All of these practical things eventually have allowed me to be more aware of myself, my patients, my family, and the most importantly, the world around me. In time since starting this journey, I have learned to be more patient, which eventually became a natural thing. I allowed myself to not be stuck in a method, knowing that a rigid way of life also means a myopic one. So, very similar to aikido, I slowly learned to be more flexible and dynamic with my life. Doing my best to be flexible and respond in a gentle and positive way, that can be as mutually and universally beneficial to all. My sense of self, I could feel becoming more expanded and deep, with greater understanding of who I am, where I came from, how I came to be, and how I navigate through my pain and my trauma. I’ve learned to be more receptive and empathetic to my patients, and even though this may be and can be painful at times, the therapeutic effect for my patients and myself to learn is profound. I have a greater desire to connect and understand more, and strong pull to find and feel the connections that somewhat silently and gently tie and guide all things. When I was taught by my mentors that there really are no coincidences, this now has more meaning to me than something just cerebral. All these aspects, help to improve all that I encounter and do. My drive will ebb and flow, some days are greater than others, but then when they are high, I need to catch those moments and when they come down, I need to learn restraint and restoration.

Skill

With more open time, I have been able to invest more energy into study and practice of this wonderful craft and art of Chinese Medicine. Tremendous respect to my teachers and mentors, and the ancestors who made the choice to pass on this knowledge. I’ve continue to let these works build within me a body of work that can hopefully become something profound and life changing to others as well. I feel that If I can continue to walk faithfully in God, and allow myself to be transformed by the gifts that are available to me, than I can only believe that the invisible hand must be a part of this connected world. That I only need to allow myself to be molded and transformed by that unknown machination that gently leads with a power of unending Yang.
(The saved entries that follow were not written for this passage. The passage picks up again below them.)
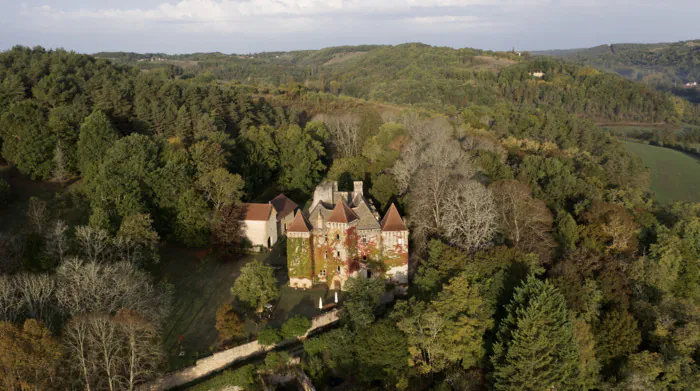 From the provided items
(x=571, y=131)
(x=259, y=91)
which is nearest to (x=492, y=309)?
(x=571, y=131)

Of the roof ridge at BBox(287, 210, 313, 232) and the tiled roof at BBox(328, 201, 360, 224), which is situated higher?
the tiled roof at BBox(328, 201, 360, 224)

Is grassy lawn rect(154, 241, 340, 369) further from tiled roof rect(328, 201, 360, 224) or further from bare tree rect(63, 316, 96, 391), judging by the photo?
tiled roof rect(328, 201, 360, 224)

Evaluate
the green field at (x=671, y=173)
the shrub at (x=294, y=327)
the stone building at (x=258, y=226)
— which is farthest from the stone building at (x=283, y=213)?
the green field at (x=671, y=173)

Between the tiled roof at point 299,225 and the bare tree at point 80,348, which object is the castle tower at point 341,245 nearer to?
the tiled roof at point 299,225

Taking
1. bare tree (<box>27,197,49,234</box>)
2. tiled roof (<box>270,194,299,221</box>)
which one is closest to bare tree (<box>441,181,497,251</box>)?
tiled roof (<box>270,194,299,221</box>)

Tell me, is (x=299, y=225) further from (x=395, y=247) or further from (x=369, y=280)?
(x=395, y=247)

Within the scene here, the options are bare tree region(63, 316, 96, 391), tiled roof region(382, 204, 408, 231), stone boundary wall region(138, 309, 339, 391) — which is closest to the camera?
bare tree region(63, 316, 96, 391)

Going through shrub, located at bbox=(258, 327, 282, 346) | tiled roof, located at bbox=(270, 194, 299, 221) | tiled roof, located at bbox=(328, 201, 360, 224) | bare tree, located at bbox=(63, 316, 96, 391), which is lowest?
shrub, located at bbox=(258, 327, 282, 346) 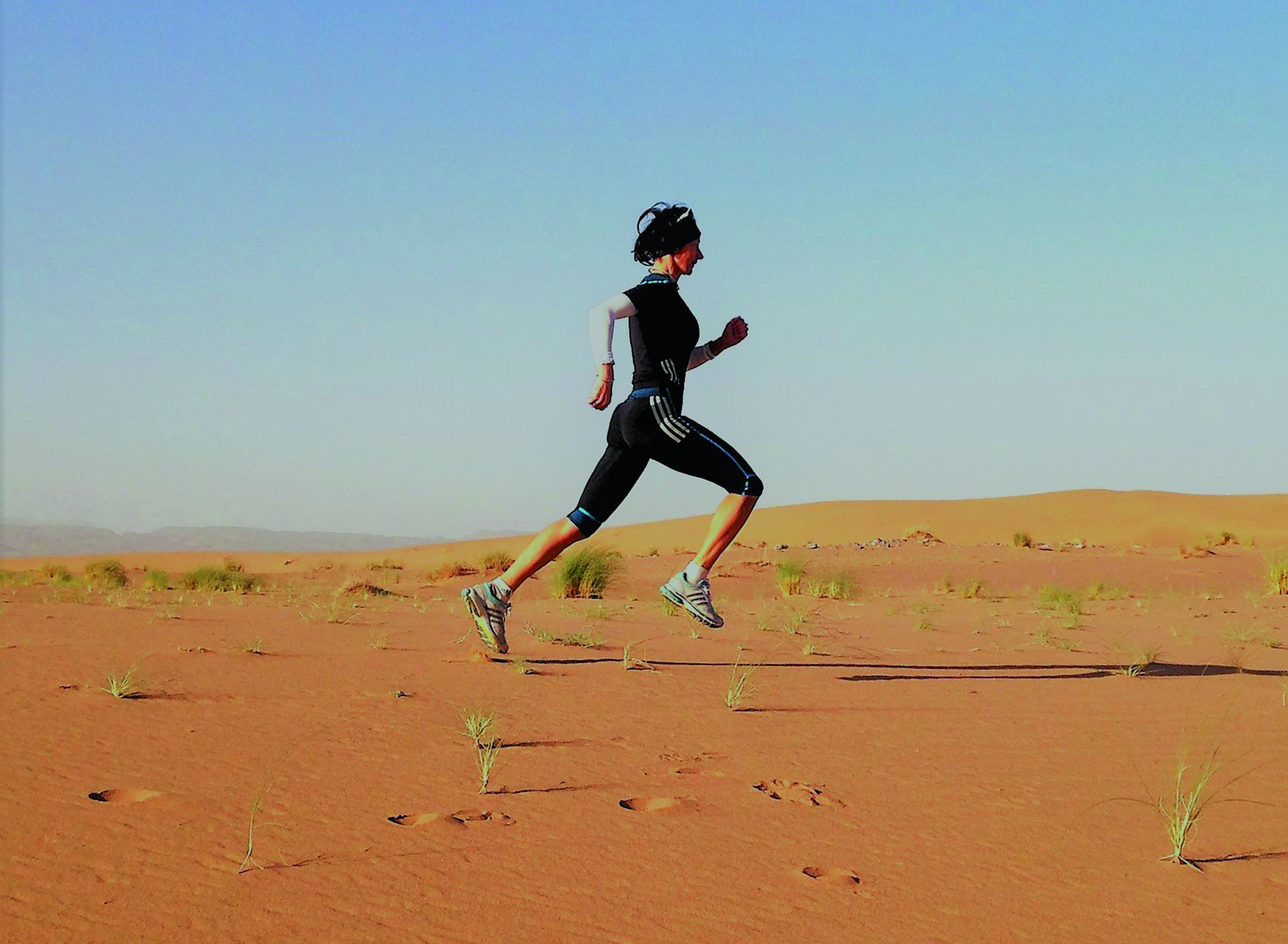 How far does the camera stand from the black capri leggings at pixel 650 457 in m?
5.93

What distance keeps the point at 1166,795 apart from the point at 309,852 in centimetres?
275

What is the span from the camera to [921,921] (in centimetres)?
267

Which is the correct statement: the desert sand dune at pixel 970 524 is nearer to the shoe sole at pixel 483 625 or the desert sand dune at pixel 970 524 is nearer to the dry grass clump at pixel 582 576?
the dry grass clump at pixel 582 576

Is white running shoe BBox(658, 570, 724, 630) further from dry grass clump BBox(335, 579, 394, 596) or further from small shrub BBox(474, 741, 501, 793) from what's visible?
dry grass clump BBox(335, 579, 394, 596)

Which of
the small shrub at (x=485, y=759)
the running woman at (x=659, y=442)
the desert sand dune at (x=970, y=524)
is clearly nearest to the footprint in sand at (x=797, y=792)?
the small shrub at (x=485, y=759)

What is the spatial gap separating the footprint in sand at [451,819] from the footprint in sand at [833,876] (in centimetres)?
83

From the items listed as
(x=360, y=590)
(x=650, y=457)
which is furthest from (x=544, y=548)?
(x=360, y=590)

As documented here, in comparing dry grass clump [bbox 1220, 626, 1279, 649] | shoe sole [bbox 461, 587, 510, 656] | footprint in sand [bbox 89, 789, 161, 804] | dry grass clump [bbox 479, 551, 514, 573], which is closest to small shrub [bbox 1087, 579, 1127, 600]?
dry grass clump [bbox 1220, 626, 1279, 649]

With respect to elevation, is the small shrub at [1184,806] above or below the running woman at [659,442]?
below

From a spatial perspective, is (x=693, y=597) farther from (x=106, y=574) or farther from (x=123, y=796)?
(x=106, y=574)

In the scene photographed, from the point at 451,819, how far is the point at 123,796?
945 millimetres

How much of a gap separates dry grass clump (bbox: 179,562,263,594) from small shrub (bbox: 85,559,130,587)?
905 millimetres

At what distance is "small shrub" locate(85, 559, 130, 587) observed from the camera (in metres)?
15.2

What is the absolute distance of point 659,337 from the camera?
234 inches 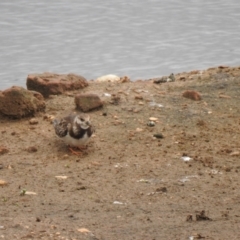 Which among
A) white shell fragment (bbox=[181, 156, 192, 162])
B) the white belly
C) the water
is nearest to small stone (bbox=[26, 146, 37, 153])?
the white belly

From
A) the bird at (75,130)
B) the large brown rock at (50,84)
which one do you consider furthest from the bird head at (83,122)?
the large brown rock at (50,84)

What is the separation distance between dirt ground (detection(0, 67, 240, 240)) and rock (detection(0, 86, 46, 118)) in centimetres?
14

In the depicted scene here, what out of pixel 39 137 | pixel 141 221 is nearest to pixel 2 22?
pixel 39 137

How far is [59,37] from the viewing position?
53.2 ft

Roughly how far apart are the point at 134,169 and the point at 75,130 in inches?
32.7

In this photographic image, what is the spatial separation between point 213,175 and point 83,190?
1.24 metres

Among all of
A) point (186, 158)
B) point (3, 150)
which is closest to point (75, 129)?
point (3, 150)

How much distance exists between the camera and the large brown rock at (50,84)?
1113 cm

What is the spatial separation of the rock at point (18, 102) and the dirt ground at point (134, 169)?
0.14m

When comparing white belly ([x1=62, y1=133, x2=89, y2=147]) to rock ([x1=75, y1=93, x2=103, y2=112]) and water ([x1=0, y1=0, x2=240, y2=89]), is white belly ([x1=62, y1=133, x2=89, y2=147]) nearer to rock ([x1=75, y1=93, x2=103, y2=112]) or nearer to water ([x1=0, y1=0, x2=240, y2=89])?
rock ([x1=75, y1=93, x2=103, y2=112])

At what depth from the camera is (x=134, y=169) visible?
9047 mm

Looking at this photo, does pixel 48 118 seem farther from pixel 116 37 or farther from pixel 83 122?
pixel 116 37

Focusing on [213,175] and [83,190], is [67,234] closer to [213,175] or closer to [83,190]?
[83,190]

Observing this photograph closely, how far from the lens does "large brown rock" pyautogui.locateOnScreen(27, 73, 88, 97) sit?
11133 millimetres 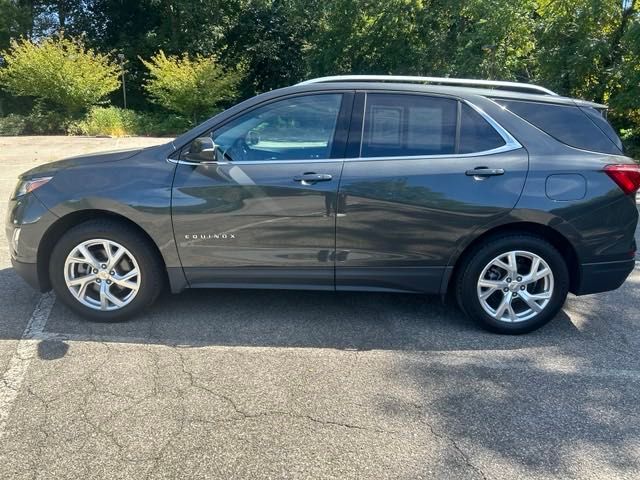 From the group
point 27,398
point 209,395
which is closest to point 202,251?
point 209,395

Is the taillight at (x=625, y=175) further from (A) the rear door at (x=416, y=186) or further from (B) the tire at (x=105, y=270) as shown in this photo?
(B) the tire at (x=105, y=270)

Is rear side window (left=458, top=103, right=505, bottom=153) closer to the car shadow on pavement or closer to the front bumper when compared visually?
the car shadow on pavement

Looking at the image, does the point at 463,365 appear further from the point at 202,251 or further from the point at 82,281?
the point at 82,281

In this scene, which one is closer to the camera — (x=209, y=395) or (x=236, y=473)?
(x=236, y=473)

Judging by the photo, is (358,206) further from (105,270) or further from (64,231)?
(64,231)

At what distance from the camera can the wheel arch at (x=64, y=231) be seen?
3773 mm

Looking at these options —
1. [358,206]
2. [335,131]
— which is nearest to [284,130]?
[335,131]

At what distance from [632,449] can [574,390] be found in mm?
539

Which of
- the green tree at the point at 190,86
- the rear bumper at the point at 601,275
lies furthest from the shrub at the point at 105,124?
the rear bumper at the point at 601,275

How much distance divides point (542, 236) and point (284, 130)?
6.58 feet

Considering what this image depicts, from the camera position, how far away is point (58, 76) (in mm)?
19172

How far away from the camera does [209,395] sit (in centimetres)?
298

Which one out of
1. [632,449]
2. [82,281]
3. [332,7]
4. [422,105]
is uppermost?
[332,7]

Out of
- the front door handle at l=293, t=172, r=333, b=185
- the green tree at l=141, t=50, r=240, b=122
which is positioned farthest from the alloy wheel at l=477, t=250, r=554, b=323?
the green tree at l=141, t=50, r=240, b=122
How did my practice grow? I believe that all things happen for a reason, there are no coincidences unless in jest, and that when one’s life is more in balance, and in balance with the flow of existence that has manifested true, than what is there to fear or desire. The self only need be, to watch and engage with balance to be free of the burdens of trying to make life happen on one’s own terms. I worked on me instead of working on the world, I focused my life on becoming harmonious with the space around me and let it be, thereby becoming content, and I trust, to be one with the life blessed to me that all will be good.